Any question dealing with lipid metabolism is where CARS can make a difference, as well as any question dealing with the mobility of water molecules, membrane dynamics, and variations in protein density distributions. And CARS holds great promise for following extrinsic agents like drug molecules or any molecular compound with a strong vibrational signature in tissue. This is great, since these molecules are typically hard to visualize otherwise, as they cannot always be labeled. Usually they are too small – if you label them you don’t get them into the cell or you change their functionalities.

With CARS we image such targets at a rate that is much faster than conventional vibrational imaging.We are talking about imaging in real-time, which is important for imaging all things biological, like living cells and tissues in vivo – these are the situations where CARS microscopy really helps.

Fig. 2: AortaPCA: This is a CARS image of an atherosclerotic lesion in a mouse aorta. The left panel shows a regular CARS image of the lesion at 2,845 cm–1, highlighting the lipophilic components. The right panel shows a spectral decomposition (principal component analysis) of the CARS signal in the 2,750–3,050 cm–1 range, showing that different areas in the image correspond to different lipophilic compounds. Each color in the image corresponds to a different CARS spectrum. Scale bar is 50 microns

CARS in life science research

There is a very important research direction that aims at visualizing endogenous molecules in living animals. The CARS microscope is great because of its speed, so you can monitor molecules in real-time. For instance, people have used CARS to look at myelin degradation – which is a way to investigate diseases like multiple sclerosis. There is no other way you could do this; visualizing myelin in real time in a living animal is really difficult. CARS is the only avenue for people to do this.

Another example is the use of CARS for skin imaging: attempts are under way to do this with a system that is currently optimized such that you can put your arm under a microscope and look at tissue morphology and abnormalities. This has direct implications for improving human health.

The future of CARS microscopy

I think we can anticipate that with CARS the same thing will happen as with confocal imaging. CARS is the latest edition of contrast methods. You want to inspect your samples, look at molecules, have depth-resolved imaging and do it with the least amount of perturbation to the sample – no harsh treatment or staining protocols – this is especially true for living systems.

So, having a system that adds this type of contrast to the microscope is an enormous step forward. It clearly widens the current landscape of scientific investigation. You can see more than was previously possible. It enables you to do more and to work on key applications.
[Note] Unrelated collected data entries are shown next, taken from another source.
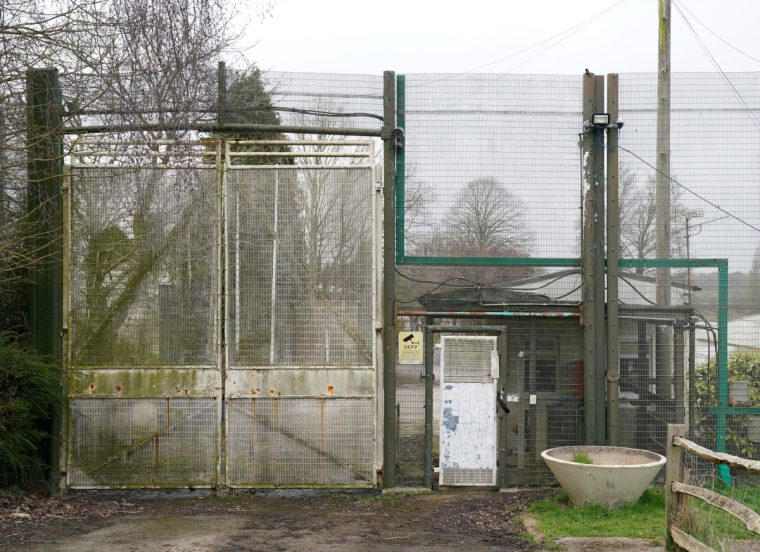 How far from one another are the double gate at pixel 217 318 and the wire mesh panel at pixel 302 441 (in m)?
0.02

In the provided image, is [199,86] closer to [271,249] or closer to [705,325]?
[271,249]

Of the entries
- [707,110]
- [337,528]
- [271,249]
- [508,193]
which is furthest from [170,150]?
[707,110]

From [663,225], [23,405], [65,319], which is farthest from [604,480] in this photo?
[65,319]

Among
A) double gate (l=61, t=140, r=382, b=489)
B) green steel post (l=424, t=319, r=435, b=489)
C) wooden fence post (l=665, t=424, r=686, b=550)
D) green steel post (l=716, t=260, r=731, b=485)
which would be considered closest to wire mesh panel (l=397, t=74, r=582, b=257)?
double gate (l=61, t=140, r=382, b=489)

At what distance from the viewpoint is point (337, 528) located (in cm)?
780

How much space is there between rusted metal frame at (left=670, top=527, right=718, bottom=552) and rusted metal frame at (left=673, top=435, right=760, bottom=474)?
552 millimetres

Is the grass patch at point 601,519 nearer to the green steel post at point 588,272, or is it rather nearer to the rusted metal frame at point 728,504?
the rusted metal frame at point 728,504

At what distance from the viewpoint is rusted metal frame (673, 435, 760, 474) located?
17.8 feet

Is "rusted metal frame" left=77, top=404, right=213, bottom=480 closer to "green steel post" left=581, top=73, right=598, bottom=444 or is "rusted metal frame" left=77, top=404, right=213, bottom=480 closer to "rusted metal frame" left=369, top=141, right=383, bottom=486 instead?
"rusted metal frame" left=369, top=141, right=383, bottom=486

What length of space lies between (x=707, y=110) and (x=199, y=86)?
5.53 meters

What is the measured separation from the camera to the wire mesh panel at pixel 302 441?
9250mm

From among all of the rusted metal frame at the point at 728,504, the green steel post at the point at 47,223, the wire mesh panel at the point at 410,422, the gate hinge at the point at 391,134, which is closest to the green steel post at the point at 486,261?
the wire mesh panel at the point at 410,422

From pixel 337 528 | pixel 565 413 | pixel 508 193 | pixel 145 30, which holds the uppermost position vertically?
pixel 145 30

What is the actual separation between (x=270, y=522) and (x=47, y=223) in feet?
12.9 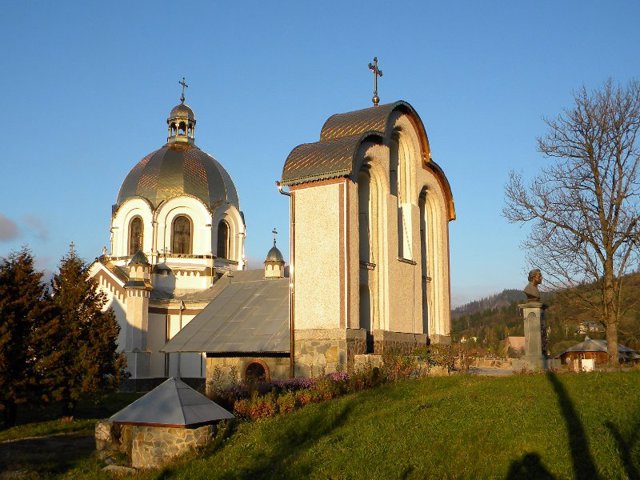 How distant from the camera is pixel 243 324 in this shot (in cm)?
2142

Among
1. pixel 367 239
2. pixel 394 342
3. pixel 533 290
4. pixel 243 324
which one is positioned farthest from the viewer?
pixel 243 324

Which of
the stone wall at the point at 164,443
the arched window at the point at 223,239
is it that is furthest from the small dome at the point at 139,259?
the stone wall at the point at 164,443

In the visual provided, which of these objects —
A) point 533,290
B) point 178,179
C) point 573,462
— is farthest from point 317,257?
point 178,179

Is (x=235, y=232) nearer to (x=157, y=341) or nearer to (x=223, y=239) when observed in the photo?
(x=223, y=239)

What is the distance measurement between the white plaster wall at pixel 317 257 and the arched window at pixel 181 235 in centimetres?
1711

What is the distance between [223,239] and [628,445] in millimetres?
28714

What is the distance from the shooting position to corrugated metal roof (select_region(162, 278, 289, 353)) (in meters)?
19.7

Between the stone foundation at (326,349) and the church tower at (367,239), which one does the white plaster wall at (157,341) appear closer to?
the church tower at (367,239)

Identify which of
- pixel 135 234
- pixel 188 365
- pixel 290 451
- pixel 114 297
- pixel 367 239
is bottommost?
pixel 290 451

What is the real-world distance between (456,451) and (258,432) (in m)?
3.87

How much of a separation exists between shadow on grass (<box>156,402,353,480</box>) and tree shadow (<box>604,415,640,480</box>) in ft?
13.1

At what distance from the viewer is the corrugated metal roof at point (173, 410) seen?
38.0ft

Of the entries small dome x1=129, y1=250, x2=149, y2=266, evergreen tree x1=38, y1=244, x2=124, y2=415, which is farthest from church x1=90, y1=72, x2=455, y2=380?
evergreen tree x1=38, y1=244, x2=124, y2=415

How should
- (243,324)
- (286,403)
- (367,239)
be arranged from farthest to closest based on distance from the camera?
(243,324) → (367,239) → (286,403) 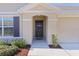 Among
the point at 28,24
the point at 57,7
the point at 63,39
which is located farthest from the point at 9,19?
the point at 63,39

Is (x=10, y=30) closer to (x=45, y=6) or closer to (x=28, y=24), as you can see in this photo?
(x=28, y=24)

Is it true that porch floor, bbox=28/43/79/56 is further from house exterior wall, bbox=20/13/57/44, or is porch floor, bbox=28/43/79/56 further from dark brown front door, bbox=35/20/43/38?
dark brown front door, bbox=35/20/43/38

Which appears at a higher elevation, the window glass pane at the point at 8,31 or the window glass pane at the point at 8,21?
the window glass pane at the point at 8,21

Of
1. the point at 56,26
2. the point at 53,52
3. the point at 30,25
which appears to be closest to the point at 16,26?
the point at 30,25

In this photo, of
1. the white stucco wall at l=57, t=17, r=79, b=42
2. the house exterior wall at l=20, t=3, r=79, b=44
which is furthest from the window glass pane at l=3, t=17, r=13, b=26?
the white stucco wall at l=57, t=17, r=79, b=42

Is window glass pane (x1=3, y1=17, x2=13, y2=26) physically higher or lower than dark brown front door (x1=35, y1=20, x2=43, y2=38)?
higher

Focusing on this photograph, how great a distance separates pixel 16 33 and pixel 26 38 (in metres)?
1.34

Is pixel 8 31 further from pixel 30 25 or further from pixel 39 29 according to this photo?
pixel 39 29

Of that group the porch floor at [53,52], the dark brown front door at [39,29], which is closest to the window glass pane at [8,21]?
the dark brown front door at [39,29]

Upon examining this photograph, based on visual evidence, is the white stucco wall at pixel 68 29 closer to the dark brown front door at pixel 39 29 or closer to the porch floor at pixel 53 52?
the dark brown front door at pixel 39 29

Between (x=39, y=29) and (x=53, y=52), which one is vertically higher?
(x=39, y=29)

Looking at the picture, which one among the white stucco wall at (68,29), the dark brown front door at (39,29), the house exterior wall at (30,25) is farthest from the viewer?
the dark brown front door at (39,29)

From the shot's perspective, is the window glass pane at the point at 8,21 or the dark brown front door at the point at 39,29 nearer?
the window glass pane at the point at 8,21

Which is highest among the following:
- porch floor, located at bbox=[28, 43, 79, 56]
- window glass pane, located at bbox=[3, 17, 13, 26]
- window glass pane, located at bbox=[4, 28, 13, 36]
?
window glass pane, located at bbox=[3, 17, 13, 26]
Just one breakthrough application is a tremendous success in itself.

For instance, people would have never foreseen the impact of being able to directly visualize lipid metabolism, an essential process in our bodies that was previously difficult to study without the use of perturbing labels.
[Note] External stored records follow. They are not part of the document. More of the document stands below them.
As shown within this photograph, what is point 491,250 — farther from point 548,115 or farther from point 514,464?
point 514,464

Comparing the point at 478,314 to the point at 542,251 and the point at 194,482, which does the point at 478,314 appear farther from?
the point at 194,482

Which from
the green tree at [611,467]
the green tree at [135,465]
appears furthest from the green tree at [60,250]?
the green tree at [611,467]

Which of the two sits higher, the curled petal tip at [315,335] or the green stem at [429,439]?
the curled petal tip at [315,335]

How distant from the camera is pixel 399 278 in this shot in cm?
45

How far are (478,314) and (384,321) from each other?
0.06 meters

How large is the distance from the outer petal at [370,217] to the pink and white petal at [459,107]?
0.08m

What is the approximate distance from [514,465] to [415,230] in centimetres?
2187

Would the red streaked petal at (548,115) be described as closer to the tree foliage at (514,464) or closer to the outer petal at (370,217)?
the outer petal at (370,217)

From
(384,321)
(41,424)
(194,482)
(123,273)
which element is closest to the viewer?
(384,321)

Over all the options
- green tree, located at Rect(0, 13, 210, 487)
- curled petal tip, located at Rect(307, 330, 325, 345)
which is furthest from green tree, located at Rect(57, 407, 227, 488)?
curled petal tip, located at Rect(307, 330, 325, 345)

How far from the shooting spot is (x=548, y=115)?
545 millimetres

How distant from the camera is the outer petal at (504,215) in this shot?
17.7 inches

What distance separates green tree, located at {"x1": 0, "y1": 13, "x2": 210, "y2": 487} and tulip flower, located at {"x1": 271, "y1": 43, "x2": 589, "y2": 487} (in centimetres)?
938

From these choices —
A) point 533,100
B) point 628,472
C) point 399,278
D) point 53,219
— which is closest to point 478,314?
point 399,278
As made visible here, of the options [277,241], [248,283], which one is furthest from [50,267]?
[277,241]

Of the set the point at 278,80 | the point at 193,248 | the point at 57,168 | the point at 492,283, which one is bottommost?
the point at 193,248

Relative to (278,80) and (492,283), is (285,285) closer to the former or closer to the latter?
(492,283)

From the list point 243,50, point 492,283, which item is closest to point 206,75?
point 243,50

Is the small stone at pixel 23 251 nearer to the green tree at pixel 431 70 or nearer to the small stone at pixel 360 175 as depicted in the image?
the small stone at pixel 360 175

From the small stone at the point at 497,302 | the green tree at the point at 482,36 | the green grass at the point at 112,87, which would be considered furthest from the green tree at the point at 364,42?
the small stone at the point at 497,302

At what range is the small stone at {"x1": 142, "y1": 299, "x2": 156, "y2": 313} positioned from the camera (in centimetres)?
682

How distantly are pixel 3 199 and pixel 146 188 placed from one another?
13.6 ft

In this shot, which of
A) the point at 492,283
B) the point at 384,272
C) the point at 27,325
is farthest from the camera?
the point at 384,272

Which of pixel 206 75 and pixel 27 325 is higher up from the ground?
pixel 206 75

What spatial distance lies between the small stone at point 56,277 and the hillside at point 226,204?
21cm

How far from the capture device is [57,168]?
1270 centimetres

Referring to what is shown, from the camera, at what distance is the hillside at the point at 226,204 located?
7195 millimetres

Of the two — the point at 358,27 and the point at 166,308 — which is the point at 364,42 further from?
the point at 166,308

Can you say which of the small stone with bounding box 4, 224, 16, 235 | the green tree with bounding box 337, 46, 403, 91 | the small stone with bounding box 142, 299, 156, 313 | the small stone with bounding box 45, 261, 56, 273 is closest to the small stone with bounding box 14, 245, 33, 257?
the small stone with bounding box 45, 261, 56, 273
By creating such new research avenues, CARS is a true asset to the label-free imaging approach. Other applications are waiting to be discovered. It is inevitable that CARS will continue to have a major impact in the biological and material sciences. It’s the way forward.
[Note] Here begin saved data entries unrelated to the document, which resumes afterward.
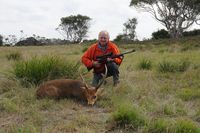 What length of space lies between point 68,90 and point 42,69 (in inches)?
45.7

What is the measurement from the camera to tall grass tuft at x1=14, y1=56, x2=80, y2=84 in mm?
7586

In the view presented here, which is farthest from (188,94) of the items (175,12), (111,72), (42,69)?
(175,12)

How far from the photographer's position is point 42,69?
25.1ft

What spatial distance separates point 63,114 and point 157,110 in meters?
1.40

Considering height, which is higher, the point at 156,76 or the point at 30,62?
the point at 30,62

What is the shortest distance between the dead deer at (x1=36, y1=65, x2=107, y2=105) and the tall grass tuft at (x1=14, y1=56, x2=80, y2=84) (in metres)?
0.96

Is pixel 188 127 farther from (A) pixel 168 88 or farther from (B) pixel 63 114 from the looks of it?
(A) pixel 168 88

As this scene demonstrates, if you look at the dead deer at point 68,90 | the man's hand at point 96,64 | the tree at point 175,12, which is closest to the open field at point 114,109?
the dead deer at point 68,90

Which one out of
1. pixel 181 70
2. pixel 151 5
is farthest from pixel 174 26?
pixel 181 70

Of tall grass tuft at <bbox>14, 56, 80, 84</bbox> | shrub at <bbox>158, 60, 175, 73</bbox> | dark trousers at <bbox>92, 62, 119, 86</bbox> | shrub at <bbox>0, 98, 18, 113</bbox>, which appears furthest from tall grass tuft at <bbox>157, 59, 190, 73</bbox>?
shrub at <bbox>0, 98, 18, 113</bbox>

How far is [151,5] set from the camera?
140 feet

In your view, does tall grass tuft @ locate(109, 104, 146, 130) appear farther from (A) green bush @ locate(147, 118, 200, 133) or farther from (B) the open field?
(A) green bush @ locate(147, 118, 200, 133)

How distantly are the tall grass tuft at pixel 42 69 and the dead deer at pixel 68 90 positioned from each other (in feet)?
3.16

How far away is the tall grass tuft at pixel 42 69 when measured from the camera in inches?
299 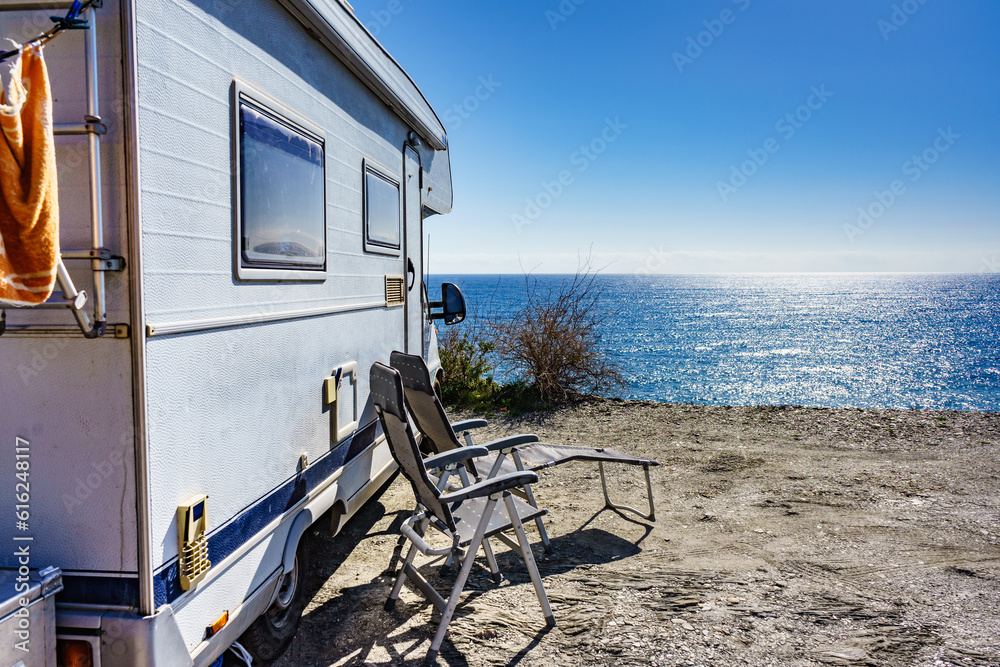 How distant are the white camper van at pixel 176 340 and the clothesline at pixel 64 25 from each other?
62mm

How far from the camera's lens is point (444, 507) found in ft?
9.93

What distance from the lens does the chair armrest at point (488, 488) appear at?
2.96 meters

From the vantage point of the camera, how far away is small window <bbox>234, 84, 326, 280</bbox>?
232 centimetres

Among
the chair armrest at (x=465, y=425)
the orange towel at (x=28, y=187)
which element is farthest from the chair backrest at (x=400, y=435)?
the orange towel at (x=28, y=187)

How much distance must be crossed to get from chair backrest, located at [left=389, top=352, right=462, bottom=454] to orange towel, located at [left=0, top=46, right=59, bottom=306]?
206cm

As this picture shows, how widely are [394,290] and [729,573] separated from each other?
9.18ft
Fig. 4: Nanotubes: Electronic CARS signal from carbon nanotubes between Ti electrodes. The wider white lines correspond to the electrodes.
Fig. 5: Meibomian: Transversal cross section through a mouse meibomian gland. CARS signal was measured at 2,845 cm–1 to visualize the lipids in the gland. The center portion of the image corresponds to the duct of the gland, whereas the peripheral regions show the lipid rich meibocytes.
Fig. 6: Nanowires: Electronic CARS image of semiconducting CdSe nanowires using ps laser pulses. CdSe wires are 330 nm wide, 60 nm high and were lithographically fabricated on a glass coverslip.